Page MenuHomePhabricator

ContentHandler / #REDIRECT missing when using $content->getParserOutput( ...)
Closed, ResolvedPublic

Description

During our SMW\Test\SimplePageRedirectRegressionTest::testDataImport MW 1.23alpha (5b8215c) failed due to #REDIRECT being missing from the $parserOutput->
getText() when using $content->getParserOutput( ... ).

The test passes on MW versions that don't use the ContentHandler and instead use $this->parser->parse( ... ).

Code used in MW 1.23

$revision = Revision::newFromTitle( $this->getTitle(), false, Revision::READ_NORMAL );

$content = $revision->getContent( Revision::RAW );

$this->parserOutput = $content->getParserOutput(
$this->getTitle(),
$revision->getId(),
null,
true
);

    1. Test output using var_dump for $content->getParserOutput( ...)
  1. SMW\Test\SimplePageRedirectRegressionTest::testDataImport

This test printed output: string(18) "[[Has type::Page]]"
string(18) "[[Has type::Page]]"
string(33) "[[Category:Simple redirect test]]"
string(33) "[[Category:Simple redirect test]]"
string(141) "This is part of the [[PageRedirectRegressionTest]] [[Category:Regression test]] [[Category:Redirect test]] [[Category:Simple redirect test]] "
string(141) "This is part of the [[PageRedirectRegressionTest]] [[Category:Regression test]] [[Category:Redirect test]] [[Category:Simple redirect test]] "
string(141) "This is part of the [[PageRedirectRegressionTest]] [[Category:Regression test]] [[Category:Redirect test]] [[Category:Simple redirect test]] "
string(33) "[[Category:Simple redirect test]]"
string(40) "Content of NewPageRedirectRegressionTest"
string(40) "Content of NewPageRedirectRegressionTest"
string(141) "This is part of the [[PageRedirectRegressionTest]] [[Category:Regression test]] [[Category:Redirect test]] [[Category:Simple redirect test]] "
string(141) "This is part of the [[PageRedirectRegressionTest]] [[Category:Regression test]] [[Category:Redirect test]] [[Category:Simple redirect test]] "
string(141) "This is part of the [[PageRedirectRegressionTest]] [[Category:Regression test]] [[Category:Redirect test]] [[Category:Simple redirect test]] "
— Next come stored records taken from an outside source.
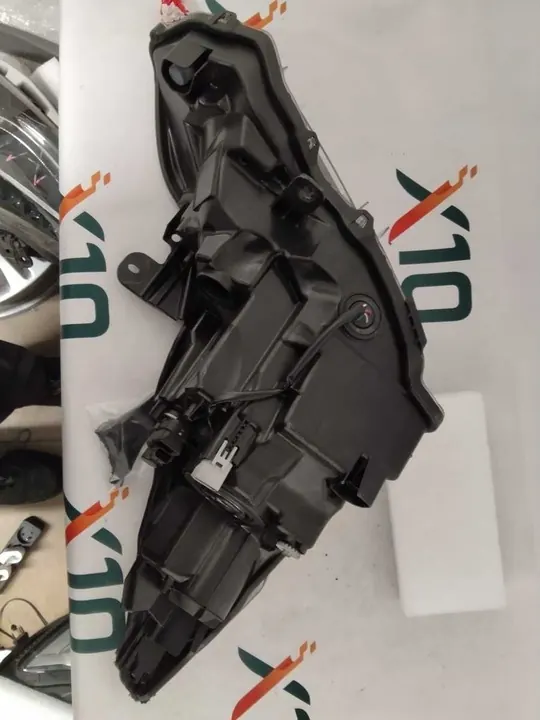 LAMPA Toyota Aygo AB7 Xenón Izquierdo image 8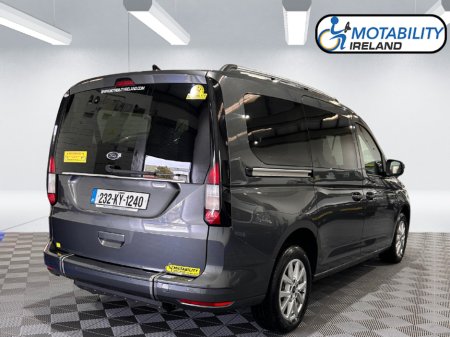 2023 Ford Grand Tourneo Connect Wheelchair Accessible €44,995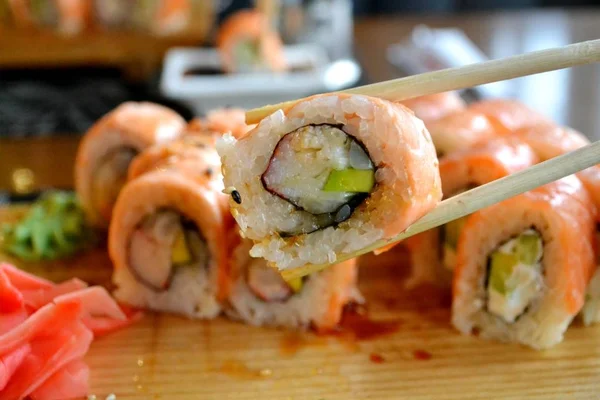Leckere Semmeln und Sushi mit Aal, Lachs und Frischkäse — Stockfoto
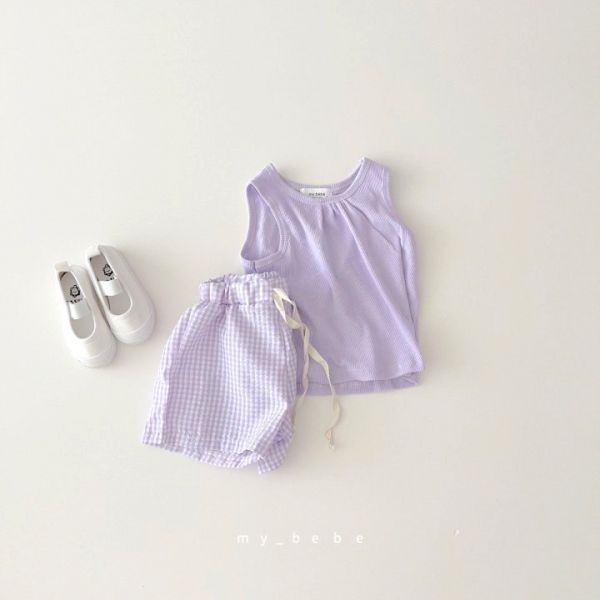 薄款無袖背心+棉麻短褲 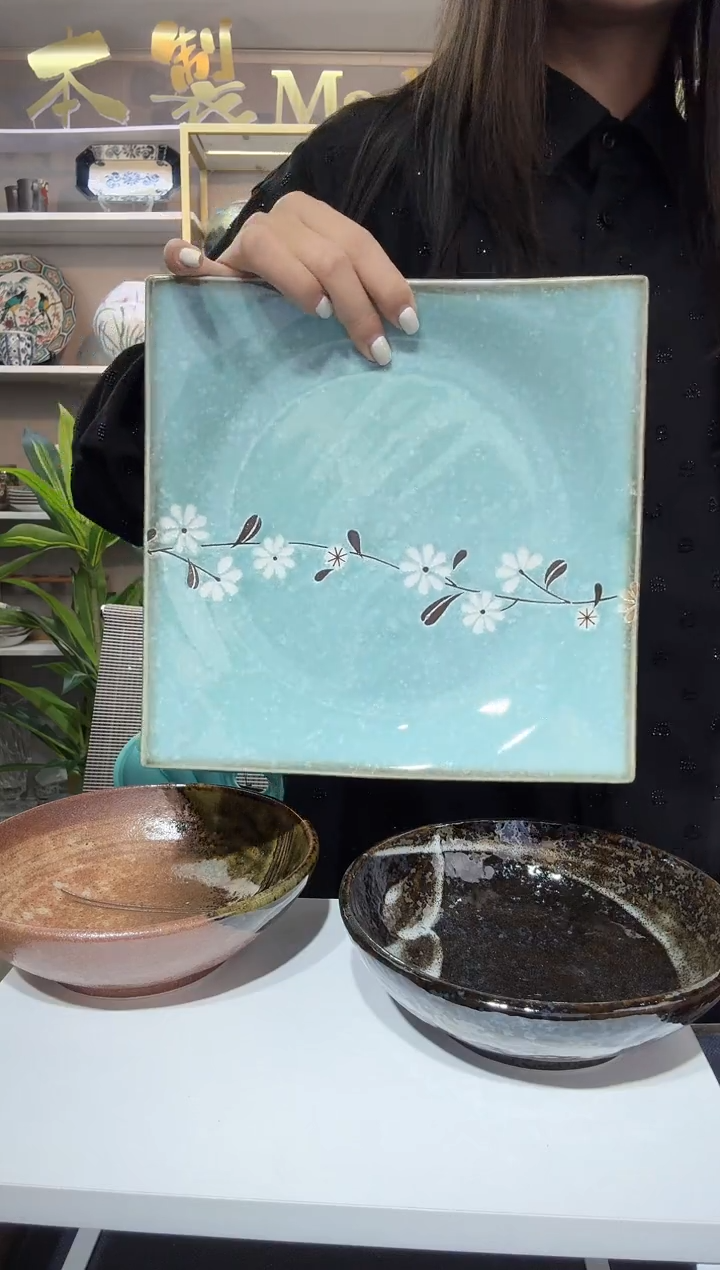 陶瓷23厘米正方盘一只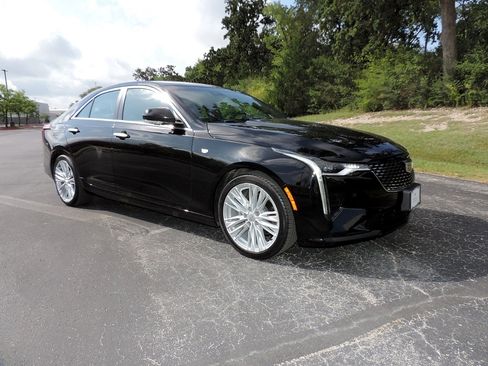 Certified 2026 Cadillac CT4 Premium Luxury RWD image 3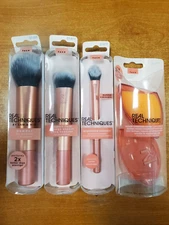 4 Pack Bundle: Real Techniques 200/201/242 & Sponge + Travel Case E11E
Code used prior the ContentHandler

$revision = Revision::newFromTitle( $this->getTitle() );

$this->parserOutput = $this->parser->parse(
$revision->getText(),
$this->getTitle(),
$this->makeParserOptions(),
true,
true,
$revision->getID()
);

    1. Test output using var_dump using $this->parser->parse( ... )
  1. SMW\Test\SimplePageRedirectRegressionTest::testDataImport

This test printed output: string(18) "[[Has type::Page]]"
string(18) "[[Has type::Page]]"
string(33) "[[Category:Simple redirect test]]"
string(33) "[[Category:Simple redirect test]]"
string(141) "This is part of the [[PageRedirectRegressionTest]] [[Category:Regression test]] [[Category:Redirect test]] [[Category:Simple redirect test]] "
string(141) "This is part of the [[PageRedirectRegressionTest]] [[Category:Regression test]] [[Category:Redirect test]] [[Category:Simple redirect test]] "
string(141) "This is part of the [[PageRedirectRegressionTest]] [[Category:Regression test]] [[Category:Redirect test]] [[Category:Simple redirect test]] "
string(80) "#REDIRECT [[SimplePageRedirectRegressionTest]] [[Category:Simple redirect test]]"
string(40) "Content of NewPageRedirectRegressionTest"
string(40) "Content of NewPageRedirectRegressionTest"
string(141) "This is part of the [[PageRedirectRegressionTest]] [[Category:Regression test]] [[Category:Redirect test]] [[Category:Simple redirect test]] "
string(141) "This is part of the [[PageRedirectRegressionTest]] [[Category:Regression test]] [[Category:Redirect test]] [[Category:Simple redirect test]] "
string(141) "This is part of the [[PageRedirectRegressionTest]] [[Category:Regression test]] [[Category:Redirect test]] [[Category:Simple redirect test]] "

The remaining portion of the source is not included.